Il Consiglio di Amministrazione di Azimut Holding SpA (AZM.IM) ha approvato il resoconto intermedio di gestione al 31 marzo 2019 che evidenzia i seguenti dati salienti:  

 Ricavi consolidati nel 1Q19 pari a € 247,5 milioni (rispetto a € 182,3 milioni nel 1Q18); Reddito operativo consolidato nel 1Q19 pari a € 101,2 milioni (rispetto a € 38,8 milioni nel 1Q18); Utile netto consolidato nel 1Q19 pari a € 90,9 milioni (rispetto a € 26,4 milioni nel 1Q18).

Il patrimonio totale a fine marzo 2019 si attesta a € 54,3 miliardi (€ 55,4 miliardi a fine aprile), comprensivo del risparmio amministrato e gestito da case terze direttamente collocato.

La Posizione Finanziaria Netta consolidata a fine marzo 2019 risultava positiva per circa € 68,3 milioni, in miglioramento rispetto ai € -31,1 milioni di fine dicembre 2018.
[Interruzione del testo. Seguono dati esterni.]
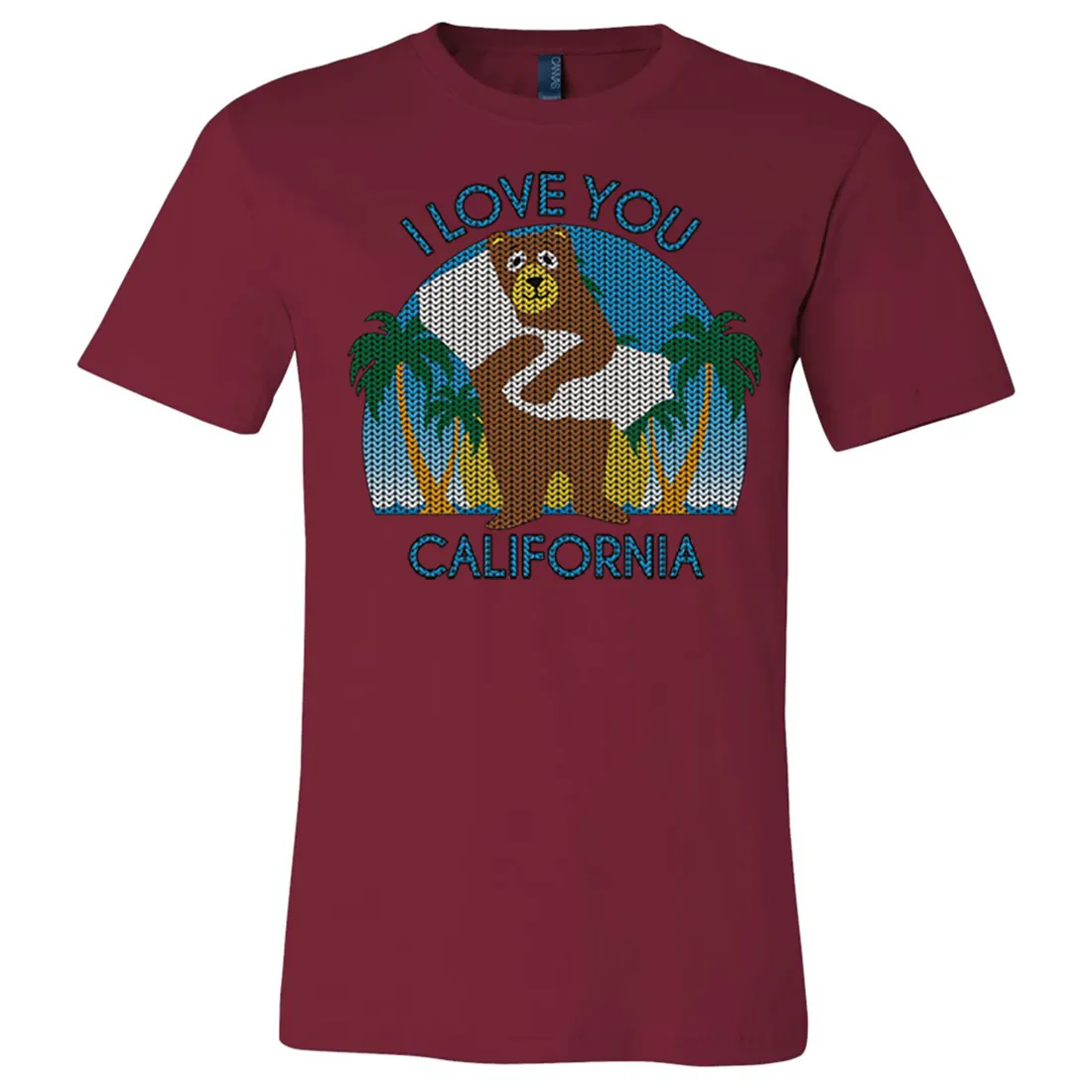 I Love You CA Knit Style Bear Asst Colors Mens Lightweight Fitted T-Shirt/tee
Si ricorda che L’Assemblea ha approvato la distribuzione di un dividendo totale ordinario di € 1,50 per azione (equivalente ad uno yield ai prezzi attuali di quasi il 9%, al primo posto tra le società del FTSE MIB) al lordo delle ritenute di legge. Il dividendo di € 1,50 sarà pagato per ca. l’80% per cassa e per il rimanente in azioni proprie detenute in portafoglio dalla società. L’importo esatto della parte di dividendo da pagarsi in contanti, il valore e il rapporto di assegnazione della parte di dividendo da corrispondersi in azioni, nonché i diritti frazionari risultanti da tale assegnazione, verranno comunicati agli azionisti e al pubblico il 15 maggio 2019, sulla base del prezzo ufficiale delle azioni Azimut Holding negli ultimi 5 giorni di Borsa aperta, incluso il 15 maggio 2019. La data di pagamento del dividendo in contanti e di assegnazione delle azioni è prevista per il 22 maggio 2019, con stacco cedola il 20 maggio 2019 e record date 21 maggio 2019. 

Positiva l’attività di reclutamento in Italia di consulenti finanziari e private banker: nel primo trimestre del 2019 il Gruppo e le sue divisioni hanno registrato 52 nuovi ingressi, portando il totale del Gruppo Azimut a fine marzo a 1773 unità.